In conventional metallic systems, nanomultilayer films with periodic interfaces are typically fabricated through deposition techniques involving external control (e.g., shutter timing or substrate motion), which effectively enhance strength and durability. However, such methods are often limited in their applicability to complex alloy compositions due to their high dependence on process precision. This study introduces an innovative approach based on enthalpy-mediated phase separation, where the addition of Pt triggers spinodal decomposition in various refractory HEA films. This leads to the spontaneous formation of self-assembled nanomultilayer films, without the need for external layer-by-layer control. These multilayers exhibit clear interfaces and uniform morphologies, with diverse metastable topologies including crystalline/crystalline and amorphous/amorphous layer combinations.

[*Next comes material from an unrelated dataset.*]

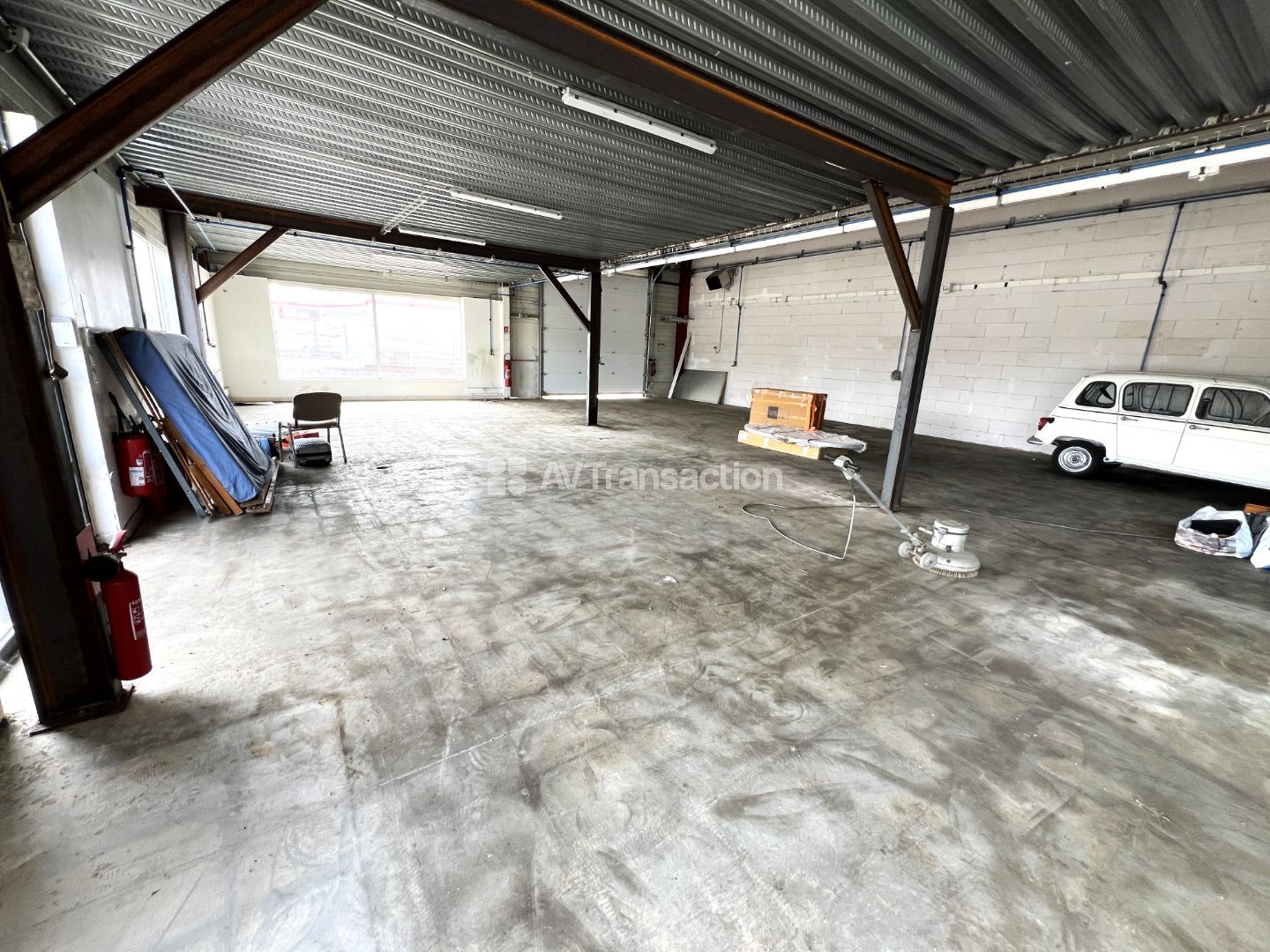 A vendre , Vernon ( 27200 ) , Batiment-local  commercial  260 m2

The research focuses on three HEA systems with different degrees of atomic size mismatch (δ): Zr-Nb-Ta-Mo-W, Zr-Hf-Nb-Ta-Mo, and Zr-Hf-Nb-Cr-Mo. By fine-tuning the Pt content and its enthalpic interactions (ΔH_mix) with the matrix elements, the study induces the compositional separation between Pt-rich and Pt-lean regions, forming distinct nanolayers at the microscopic scale. Notably, in systems with sufficient ΔH_mix contrast and elastic strain contributions, such multilayers can spontaneously emerge with as little as ~3 at.% Pt addition, and demonstrate significant enhancement in mechanical hardness.
Furthermore, the study highlights that the structural state of each sublayer—whether crystalline or amorphous—is closely related to the alloy’s glass-forming ability (GFA), broadening the theoretical framework for metastable phase engineering in HEAs. Compared to conventional single-phase HEA films, the self-assembled nanomultilayer films exhibit superior hardness and structural stability in nanoindentation tests.
This work marks the first report of using enthalpy–elasticity coupling to spontaneously form nanomultilayers in multicomponent HEA systems, without relying on traditional layer-by-layer fabrication. It offers a promising pathway toward the development of next-generation structural materials with tunable architectures and superior mechanical performance.
Citation:
Xingjia He, Yu Zhang, Mao Wen*, JiLei Qi, Longpeng Wang, Kan Zhang*, Weitao Zheng,
“The barrier-free nanomultilayered structure via enthalpy-mediated phase separation in refractory high-entropy films”,
Acta Materialia, Vol. 267, 119729 (2024).
https://doi.org/10.1016/j.actamat.2024.119729